WHAT YOU WILL DO.
Find the line containing "5.57 carat, G" in the entries below. Restate it and each line after it, word for word, up to and including the line containing "カオサン通りのバンコク タイ王国 2018 ソンクラーン祭り — ストック動画".

*** Opening of RECORDED INFORMATION ***

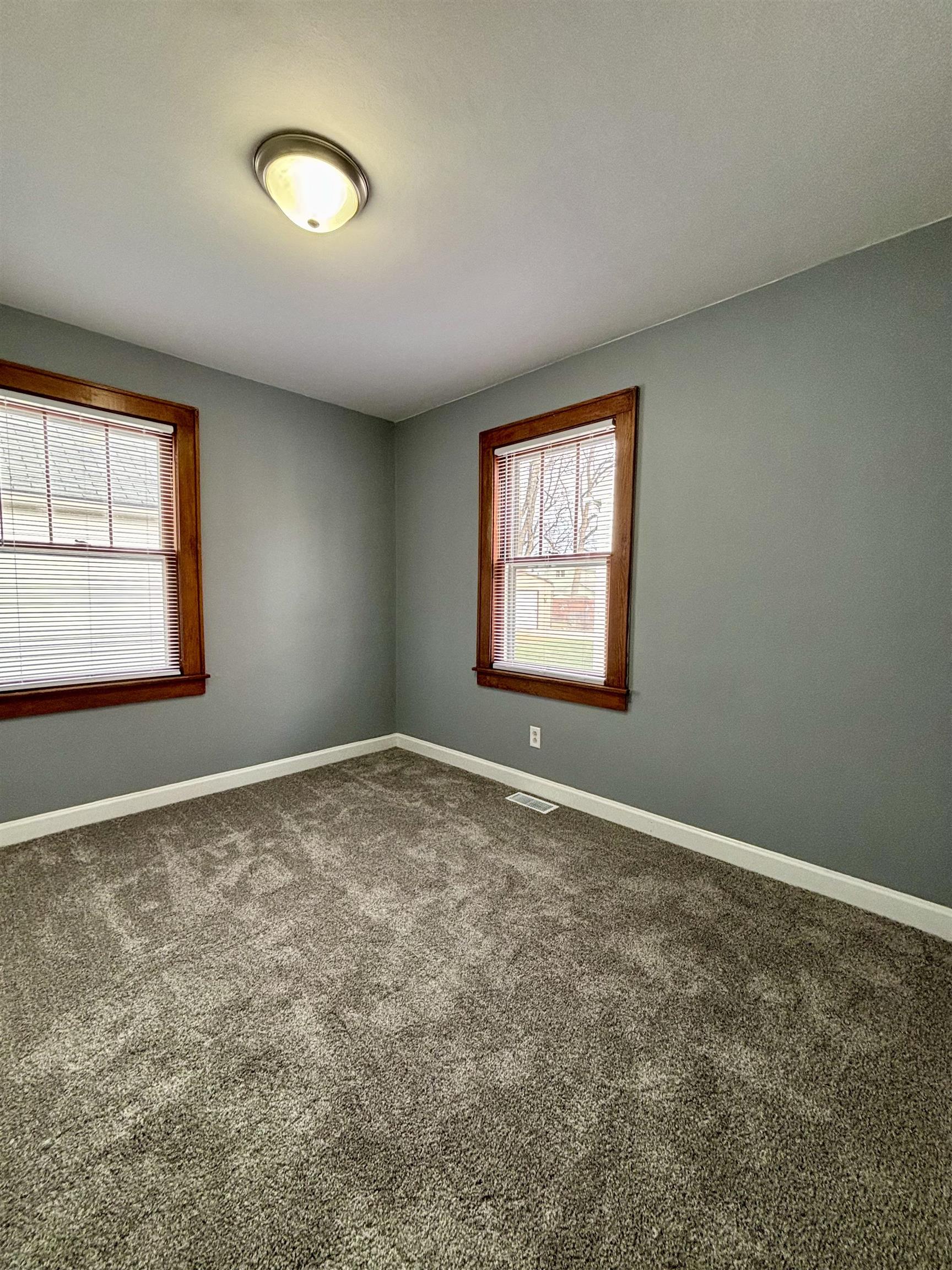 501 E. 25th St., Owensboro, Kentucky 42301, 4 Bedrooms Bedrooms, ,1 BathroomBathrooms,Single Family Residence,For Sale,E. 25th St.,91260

*** Close of RECORDED INFORMATION ***
*** Opening of RECORDED INFORMATION ***

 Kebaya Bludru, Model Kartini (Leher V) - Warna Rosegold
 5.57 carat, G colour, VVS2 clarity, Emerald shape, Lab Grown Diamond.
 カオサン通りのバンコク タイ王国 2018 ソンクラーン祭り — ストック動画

*** Close of RECORDED INFORMATION ***

WRITTEN SOLUTION.
 5.57 carat, G colour, VVS2 clarity, Emerald shape, Lab Grown Diamond.
 カオサン通りのバンコク タイ王国 2018 ソンクラーン祭り — ストック動画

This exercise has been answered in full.